Housing finance is a fast-growing line of business at IFC — and it has a dual impact, developing local capital markets and promoting increased home ownership.

But it’s nothing new. In fact, one of the developing world’s most successful mortgage lenders was created in the 1970s at IFC’s initiative, and now has more than $5 billion in assets.

“Catalytic role” is one of the most important phrases in the IFC lexicon. It’s a big part of what we were created to do — using our ideas and capital to kick start new private sector initiatives that will help reduce poverty and improve people’s lives.

For a good example, look no further than our history with India’s Housing Development Finance Corporation (HDFC). Now one of the most successful mortgage lenders in the developing world, it was started from scratch at the suggestion of an IFC investment officer in the 1970s. IFC has invested more than $243 million in HDFC over the years, using it as an inspiration for today’s global line of business in housing finance.

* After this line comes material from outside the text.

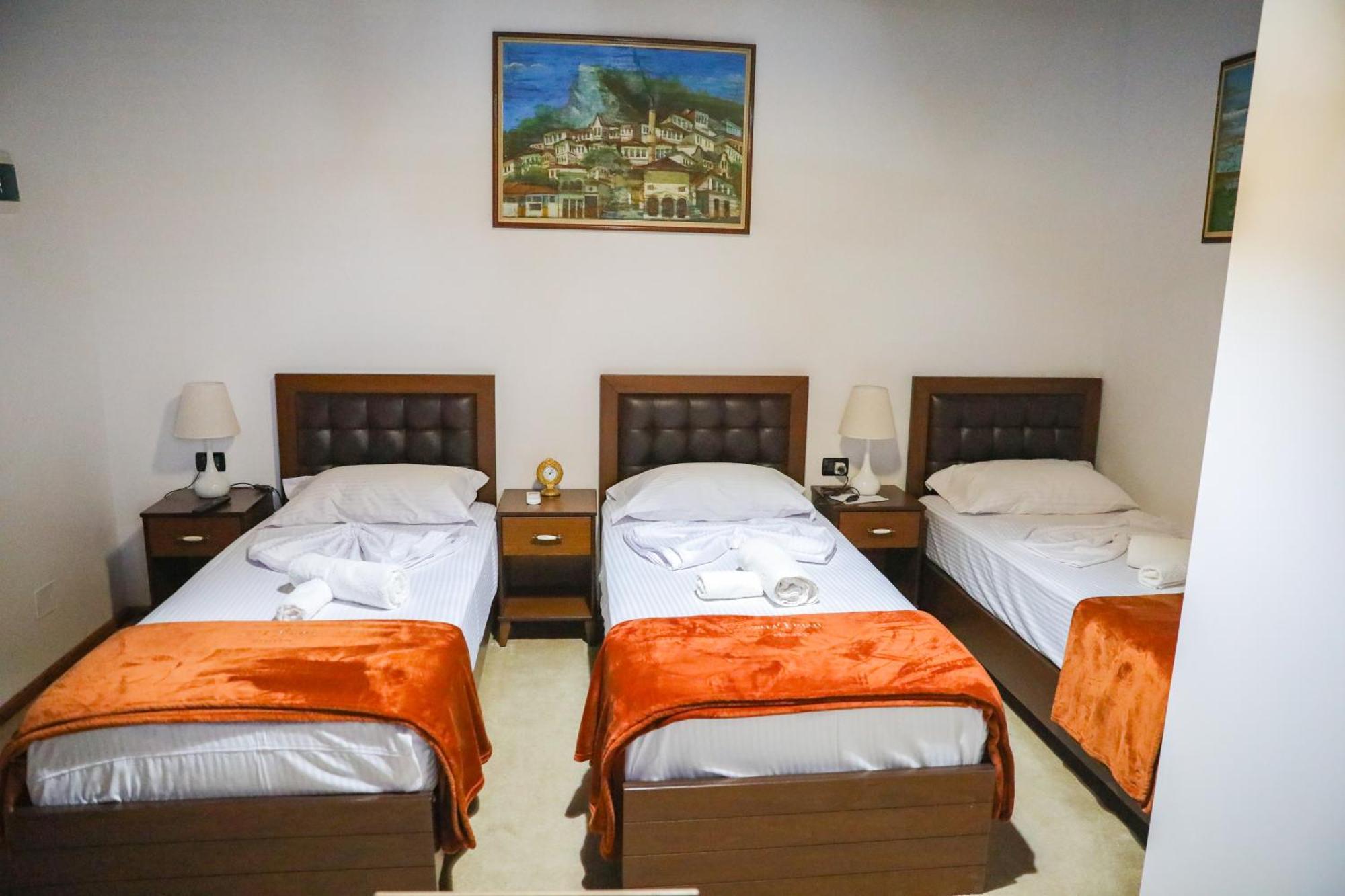 Villa Palma Center Berat Luaran gambar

HDFC has helped more than 1 million Indians realize the dream of owning their own home, and also has worked with us to build affiliated institutions in Sri Lanka, Bangladesh, and Egypt. It pioneered today’s $22 billion Indian home loan market that is growing by 30 percent annually. Perhaps most impressive is the way it continues to thrive today, despite tough competition from much larger national and international banks that it drew into the market.

How did it all begin?

Former IFC investment officer Promodh Malhotra remembers it well. Previously the number two man for Citibank in India, he moved to Washington to work for the World Bank Group in the 1970s — in part, to flee the high personal tax burden and antiquated banking system in his native country that he felt would keep him from ever owning a home there. When he got here and saw how the mature US housing finance sector enabled millions of people of all income levels to own their own homes. He began to think: “Why couldn’t we do that in India too?”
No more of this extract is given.